# Taming a rescued bird



## HappyWDWCampers (Jan 3, 2010)

I recently rescued a 'tiel bird from a family who felt he was too "noisy" and was going to let him loose outside. I had him out of the cage today to try to work with him and it started out so well. He walked up my arm and sat on my shoulder and preened my hair! I was so happy. He flew off my hand and I got him and held him some more. But then he flew off and landed on the top of his cage.. this was awful any time I got near him to pick him up he attacked me. I am now bleeding from him. How do I work on this with him?


----------



## roxy culver (May 27, 2010)

Sounds like he's cage bound sort of. His cage is his domain. You could try just leaving your hand at the door of his cage for 15 minutes an hour and let him get used to your hand. OR you could try to tame him in another room away from the cage so that he can't see it and fly back to it.


----------



## HappyWDWCampers (Jan 3, 2010)

I am thinking the same thing... I was afraid to take him out of that room because I don't want him too close to the other birds yet. Maybe I can cover his cage? Do you think getting him a new bigger cage will help or will he become territorial of that one too?


----------



## roxy culver (May 27, 2010)

Well he may be afraid of it at first lol...but he'll get used to it.

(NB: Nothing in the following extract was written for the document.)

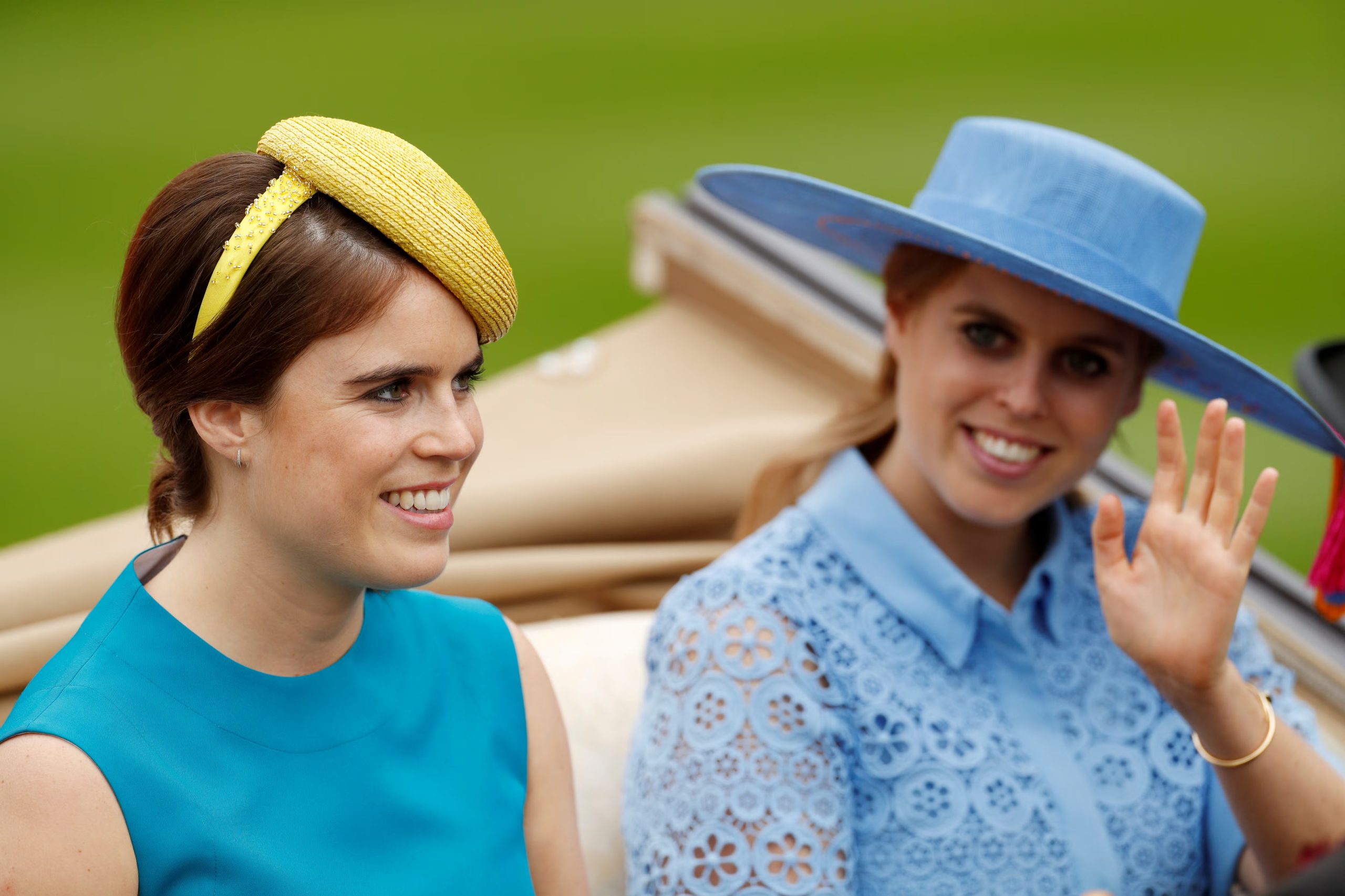 Las princesas Beatriz y Eugenia en Ascot en el año 2019. (RC127657BD20/File Photo)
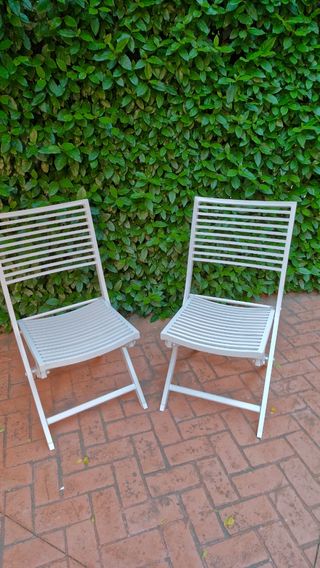 2 Sillas aluminio plegables blancas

You could try switching up the perches and toys in his current cage for now, like switching where everything is, as this will make the cage seem "new" and not like his "old" cage.


----------



## HappyWDWCampers (Jan 3, 2010)

LOL -- there is no room in teh cage to move anything... it is too small as far as I am concerned and there are no bars to separate him from the tray on the bottom either... I am a little concerned that he only seems to eat when I am around but I can't move him into a more public area without violating quarantine rules and having him in the same room as other birds...  I feel so bad for him.


----------



## roxy culver (May 27, 2010)

AW but you're trying and that's what matters. You have to make sure your other birds are safe too. Well hopefully he doesn't get possessive of the new cage. lol


----------



## HappyWDWCampers (Jan 3, 2010)

Well, the new cage is not here yet... it is being raffled off and I am just praying and praying we win. He needs it but it is so nice and EXPENSIVE that it is not in the budget right now. I find out on June 4th if I win. If not, I am back to looking on Craiglist but so far all that Craigslist has turned up are rusty messes!


----------



## roxy culver (May 27, 2010)

Yea that can be tricky...try looking on ebayclassifieds.com as well, its just like craigslist but ran by ebay. You don't bet on anything though, nothing like that.


----------



## Wicket (May 28, 2011)

I'd say cover his cage while you work with him, or if you can, move it elsewhere. Good luck.


----------